Work order:
Skip pictures in the listing below; copy exactly the lines from the one with "Eine Person sitzt" through the one with "Model wearing Run", inclusive.

Records for this task:
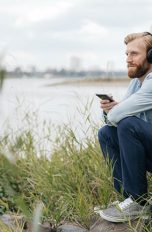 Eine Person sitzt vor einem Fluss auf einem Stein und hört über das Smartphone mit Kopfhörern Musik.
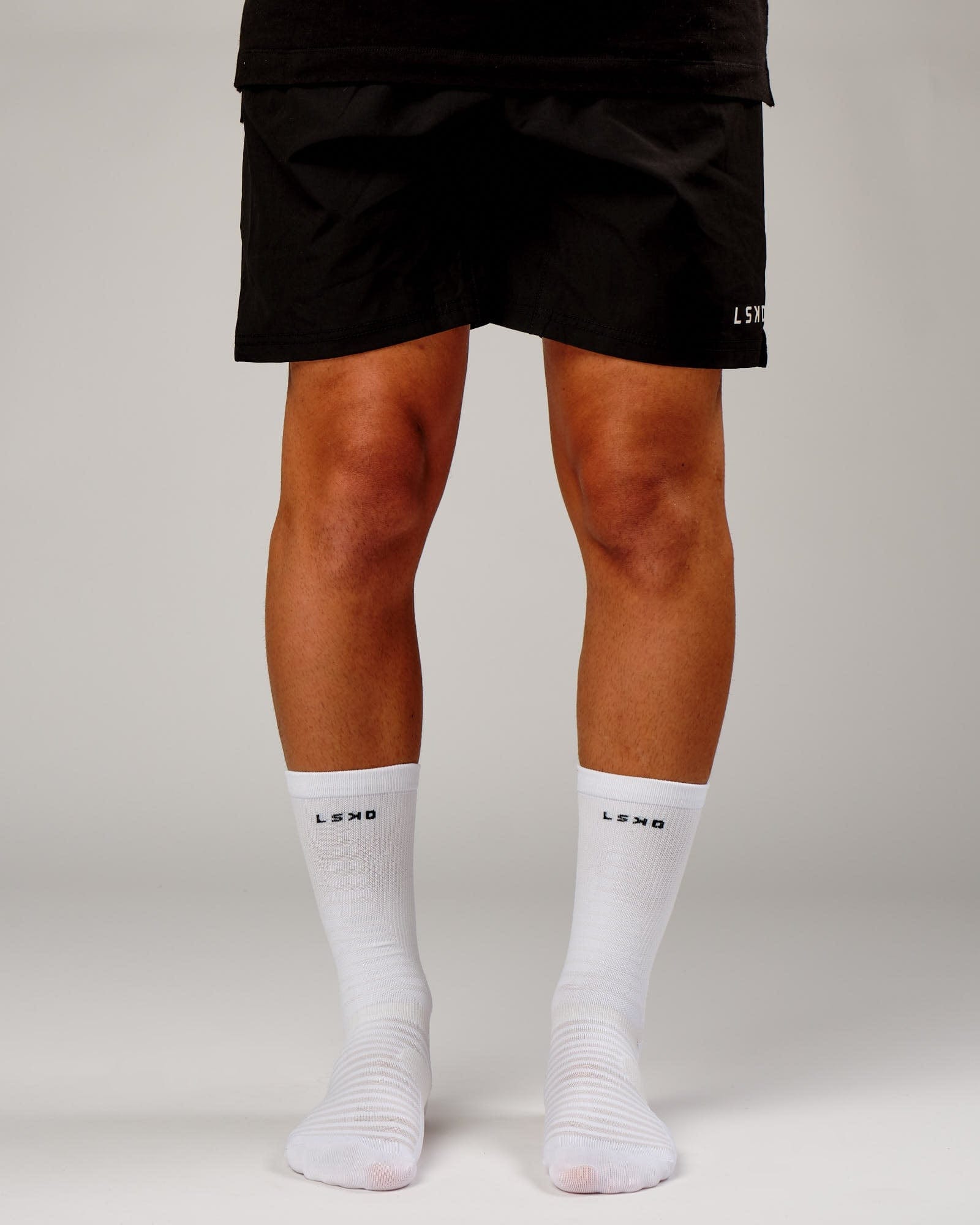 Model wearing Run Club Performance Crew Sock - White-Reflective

* * *

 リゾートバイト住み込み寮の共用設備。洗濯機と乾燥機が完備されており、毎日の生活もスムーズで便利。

* * *

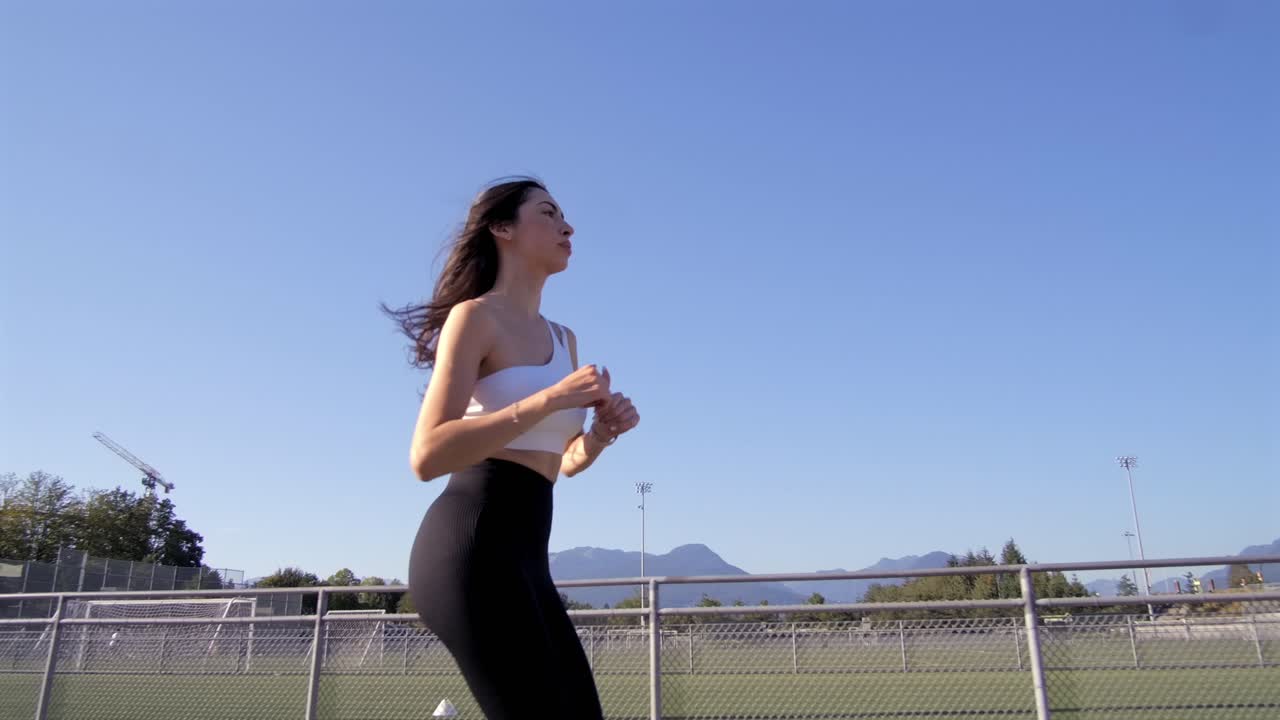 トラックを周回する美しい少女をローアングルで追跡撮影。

Answer space:
 Eine Person sitzt vor einem Fluss auf einem Stein und hört über das Smartphone mit Kopfhörern Musik.
 Model wearing Run Club Performance Crew Sock - White-Reflective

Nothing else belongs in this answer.